Preliminary analysis of illness characteristics and portable toilet specimen test results suggested norovirus as the primary causative agent of illness. Norovirus spreads quickly through person-to-person contact and contaminated food or beverages and can persist in the environment. The virus can live for days to weeks on hard surfaces.
River outfitters and National Park staff members partnered to enable the implementation of prevention and control measures.
Norovirus-associated acute gastroenteritis is highly transmissible in settings with close person-to-person contact and decreased access to hand hygiene. Because many trips use the same campsites and place-portable toilets in the same locations, particles could have been transmitted to surfaces, beach sand or river water where new groups could have encountered them, and then transmitted the virus both from person-to-person and trip-to-trip.
Rapid separation of ill persons from non-ill persons and reinforcement of hygiene and sanitation practices by commercial rafting trip guides might have led to lower attack rates reported on some trips.

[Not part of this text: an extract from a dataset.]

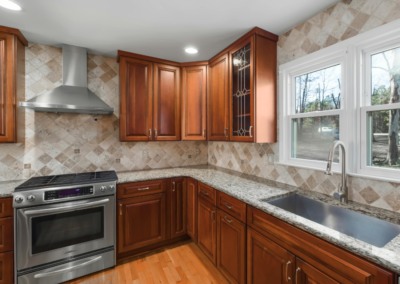 Kitchen remodel by Bystone in Birmingham, AL, featuring dark wood cabinets, granite countertops, and a stone tile backsplash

Outbreak control measures in the setting of rafting and backpacking included rapid case reporting, symptom screening before the trip started, water disinfection, prompt separation of ill passengers, strict adherence to hand hygiene with soap and water and minimizing interactions among rafting groups.
With norovirus increasing nationwide and visitation rates returning to near pre-pandemic levels, the potential exists for a resurgence of norovirus outbreaks among visitors to the Grand Canyon backcountry. River rafting and camping might amplify norovirus spread because of limited hygiene supplies and close person-to-person contact. In the future, prevention and control of outbreaks include rapid reporting of illnesses, symptom screening before trip launch to minimize the introduction of illnesses, strict adherence to hand hygiene with soap and water and sanitation protocols, disinfection of water before consumption, prompt separation of ill passengers, and minimizing of interactions with other rafting groups.
Outdoor food safety tips from the USDA’s FSIS
The U.S. Department of Agriculture’s Food Safety and Inspection Service recommends planning ahead on any camping, backpacking or outdoor trips and deciding what you are going to eat and how you will prepare it.
- Pack safely: use a cooler, or pack foods in the frozen state with a cold source.
- Whether in the wild or on the high seas, protect yourself and your family by washing your hands with soap and water or using hand sanitizer that contains at least 60 percent alcohol before and after handling food.
- Raw meats may contain bacteria, so keep raw foods separate from other foods.
- Don’t take perishable meat or poultry products without a cold source to keep them safe.
- Take disposable wipes, hand sanitizer or biodegradable soap for hand- and dishwashing.
- If using a cooler, leftover food is safe only if the cooler still has ice in it. Otherwise, discard leftover food.